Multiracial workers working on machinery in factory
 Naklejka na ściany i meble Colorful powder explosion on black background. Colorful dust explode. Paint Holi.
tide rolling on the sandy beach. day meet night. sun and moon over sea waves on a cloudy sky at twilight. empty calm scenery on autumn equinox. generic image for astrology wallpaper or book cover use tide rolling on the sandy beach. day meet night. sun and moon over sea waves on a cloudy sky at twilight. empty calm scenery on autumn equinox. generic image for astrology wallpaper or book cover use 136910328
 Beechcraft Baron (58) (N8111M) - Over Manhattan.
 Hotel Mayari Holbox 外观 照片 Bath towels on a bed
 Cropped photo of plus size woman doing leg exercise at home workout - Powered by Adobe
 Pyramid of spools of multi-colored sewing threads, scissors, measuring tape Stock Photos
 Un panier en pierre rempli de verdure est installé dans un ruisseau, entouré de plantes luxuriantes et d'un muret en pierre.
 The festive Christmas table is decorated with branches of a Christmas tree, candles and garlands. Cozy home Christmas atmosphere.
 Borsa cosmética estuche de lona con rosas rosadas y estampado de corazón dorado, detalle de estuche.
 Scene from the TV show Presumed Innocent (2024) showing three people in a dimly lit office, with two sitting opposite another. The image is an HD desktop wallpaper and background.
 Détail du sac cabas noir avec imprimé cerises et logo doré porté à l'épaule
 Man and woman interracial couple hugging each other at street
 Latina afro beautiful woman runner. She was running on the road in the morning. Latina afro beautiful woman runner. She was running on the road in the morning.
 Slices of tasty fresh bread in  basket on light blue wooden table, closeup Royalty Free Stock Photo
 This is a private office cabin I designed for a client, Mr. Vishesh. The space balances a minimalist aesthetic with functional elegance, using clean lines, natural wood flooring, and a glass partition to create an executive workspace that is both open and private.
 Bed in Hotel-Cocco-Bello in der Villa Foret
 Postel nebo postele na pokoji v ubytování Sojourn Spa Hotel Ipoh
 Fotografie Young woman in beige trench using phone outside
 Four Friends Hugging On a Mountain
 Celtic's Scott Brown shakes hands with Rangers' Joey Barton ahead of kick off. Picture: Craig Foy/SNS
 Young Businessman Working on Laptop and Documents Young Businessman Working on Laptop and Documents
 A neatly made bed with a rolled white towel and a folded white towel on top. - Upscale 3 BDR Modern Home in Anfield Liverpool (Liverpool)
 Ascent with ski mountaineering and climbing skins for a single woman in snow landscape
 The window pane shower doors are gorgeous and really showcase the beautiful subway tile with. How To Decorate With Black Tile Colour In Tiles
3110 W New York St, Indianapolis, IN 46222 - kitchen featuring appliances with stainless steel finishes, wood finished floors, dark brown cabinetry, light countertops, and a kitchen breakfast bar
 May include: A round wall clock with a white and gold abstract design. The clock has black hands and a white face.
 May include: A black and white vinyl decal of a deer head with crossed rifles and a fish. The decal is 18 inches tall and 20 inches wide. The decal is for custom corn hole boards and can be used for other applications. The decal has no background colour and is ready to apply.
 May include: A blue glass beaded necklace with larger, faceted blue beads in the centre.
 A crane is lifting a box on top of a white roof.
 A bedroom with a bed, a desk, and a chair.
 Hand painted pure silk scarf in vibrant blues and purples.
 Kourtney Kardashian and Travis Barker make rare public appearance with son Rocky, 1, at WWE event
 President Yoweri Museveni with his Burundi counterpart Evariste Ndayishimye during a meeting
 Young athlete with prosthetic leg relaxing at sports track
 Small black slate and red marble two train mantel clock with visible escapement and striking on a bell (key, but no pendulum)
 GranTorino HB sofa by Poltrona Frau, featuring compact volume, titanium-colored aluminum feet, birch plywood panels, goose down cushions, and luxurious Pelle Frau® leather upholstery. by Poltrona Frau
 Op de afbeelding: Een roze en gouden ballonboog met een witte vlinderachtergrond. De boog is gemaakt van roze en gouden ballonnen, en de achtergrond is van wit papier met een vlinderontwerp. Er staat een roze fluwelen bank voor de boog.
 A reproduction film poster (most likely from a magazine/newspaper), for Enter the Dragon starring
++++++++++++++++++++
What you give back should be exactly the lines of the data above from the line with "Pyramid of spools" through the line with "Un panier en", both of those included, and nothing more.

**Exercise solution**
 Pyramid of spools of multi-colored sewing threads, scissors, measuring tape Stock Photos
 Un panier en pierre rempli de verdure est installé dans un ruisseau, entouré de plantes luxuriantes et d'un muret en pierre.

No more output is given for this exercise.